The methods listed on this page allow to filter and subset XCMSnExp objects. Most of them are inherited from the OnDiskMSnExp object defined in the MSnbase package and have been adapted for XCMSnExp to enable correct subsetting of preprocessing results.

  • [: subset a XCMSnExp object by spectra. Be aware that this removes all preprocessing results, except adjusted retention times if keepAdjustedRtime = TRUE is passed to the method.

  • [[: extracts a single Spectrum object (defined in MSnbase). The reported retention time is the adjusted retention time if alignment has been performed.

  • filterChromPeaks: subset the chromPeaks matrix in object. Parameter method allows to specify how the chromatographic peaks should be filtered. Currently, only method = "keep" is supported which allows to specify chromatographic peaks to keep with parameter keep (i.e. provide a logical, integer or character defining which chromatographic peaks to keep). Feature definitions (if present) are updated correspondingly.

  • filterFeatureDefinitions: allows to subset the feature definitions of an XCMSnExp object. Parameter features allow to define which features to keep. It can be a logical, integer (index of features to keep) or character (feature IDs) vector.

  • filterFile: allows to reduce the XCMSnExp to data from only selected files. Identified chromatographic peaks for these files are retained while correspondence results (feature definitions) are removed by default. To force keeping feature definitions use keepFeatures = TRUE. Adjusted retention times (if present) are retained by default if present. Use keepAdjustedRtime = FALSE to drop them.

  • filterMsLevel: reduces the XCMSnExp object to spectra of the specified MS level(s). Chromatographic peaks and identified features are also subsetted to the respective MS level. See also the filterMsLevel documentation in MSnbase for details and examples.

  • filterMz: filters the data set based on the provided m/z value range. All chromatographic peaks and features (grouped peaks) with their apex falling within the provided mz value range are retained (i.e. if chromPeaks(object)[, "mz"] is >= mz[1] and <= mz[2]). Adjusted retention times, if present, are kept.

  • filterRt: filters the data set based on the provided retention time range. All chromatographic peaks and features (grouped peaks) within the specified retention time window are retained (i.e. if the retention time corresponding to the peak's apex is within the specified rt range). If retention time correction has been performed, the method will by default filter the object by adjusted retention times. The argument adjusted allows to specify manually whether filtering should be performed on raw or adjusted retention times. Filtering by retention time does not drop any preprocessing results nor does it remove or change alignment results (i.e. adjusted retention times). The method returns an empty object if no spectrum or feature is within the specified retention time range.

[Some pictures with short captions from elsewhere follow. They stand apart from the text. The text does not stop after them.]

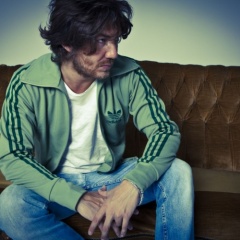 Nicola Zucchi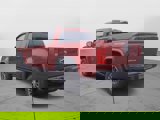 Used 2019 Chevrolet Colorado ZR2 image 5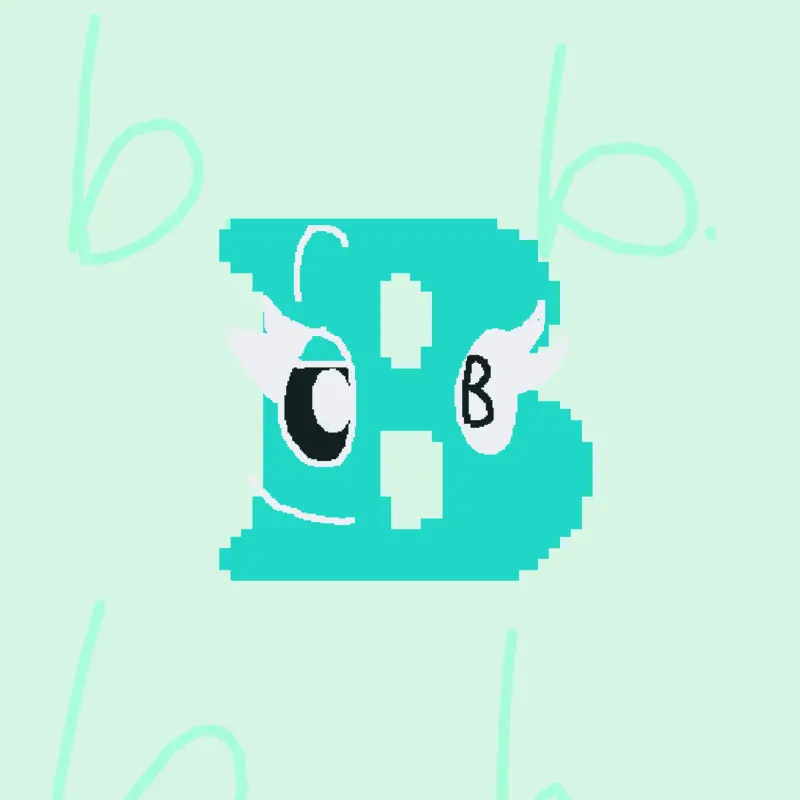 Game by @Castle0xyzbankman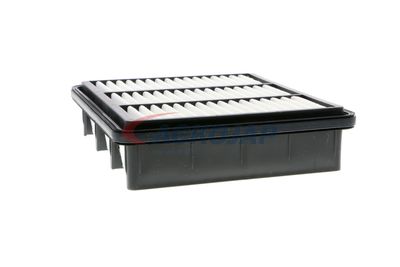 FILTRU AER ACKOJA A530401 56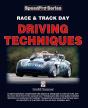 Race & Track Day Driving Techniques - Preview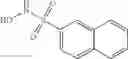Fig. 152 - N-hydroxylsulfonamide derivatives as new physiologically useful nitroxyl donors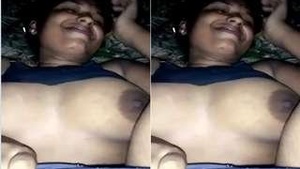 Desi Girl Nude Video Record By Hubby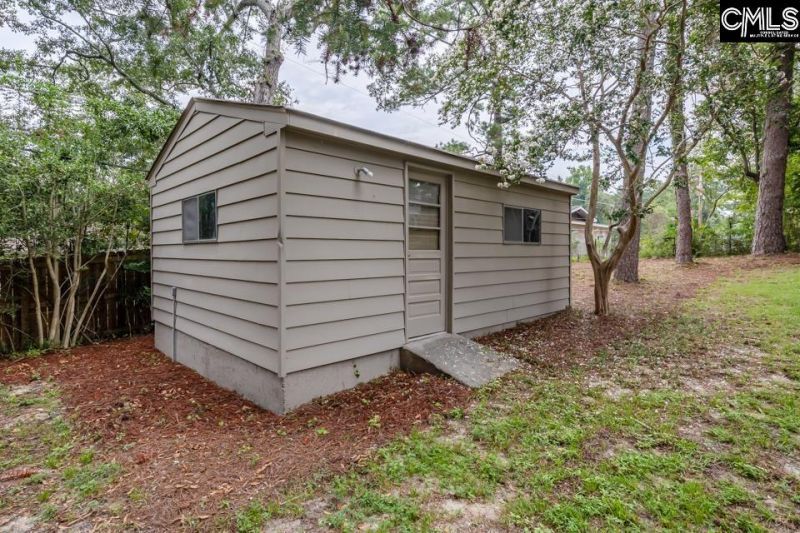 4661 Oakwood Drive  Photo 45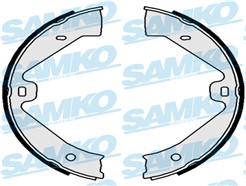 SAMKO 81085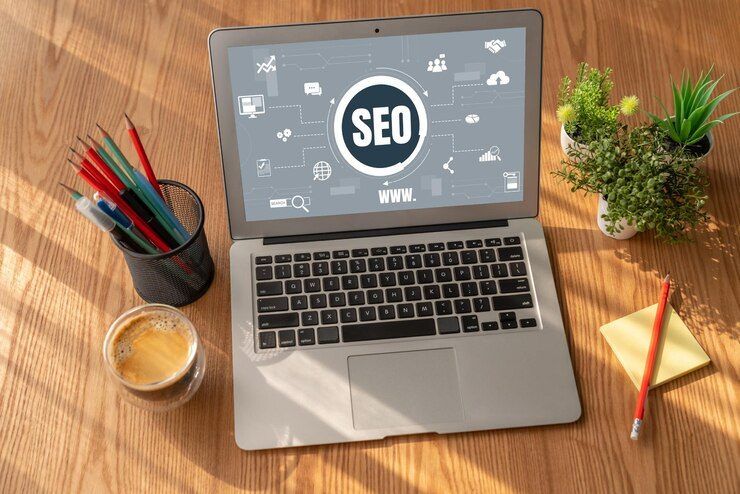 站长工具网:Meta标签SEO优化技巧分享 站长工具网:Meta标签SEO优化技巧分享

  • split: splits an XCMSnExp object into a list of XCMSnExp objects based on the provided parameter f. Note that by default all pre-processing results are removed by the splitting, except adjusted retention times, if the optional argument keepAdjustedRtime = TRUE is provided.

Usage

# S4 method for class 'XCMSnExp,ANY,ANY,ANY'
[(x, i, j, ..., drop = TRUE)

# S4 method for class 'XCMSnExp,ANY,ANY'
[[(x, i, j, drop = FALSE)

# S4 method for class 'XCMSnExp'
filterMsLevel(object, msLevel., keepAdjustedRtime = hasAdjustedRtime(object))

# S4 method for class 'XCMSnExp'
filterFile(
  object,
  file,
  keepAdjustedRtime = hasAdjustedRtime(object),
  keepFeatures = FALSE
)

# S4 method for class 'XCMSnExp'
filterMz(object, mz, msLevel., ...)

# S4 method for class 'XCMSnExp'
filterRt(object, rt, msLevel., adjusted = hasAdjustedRtime(object))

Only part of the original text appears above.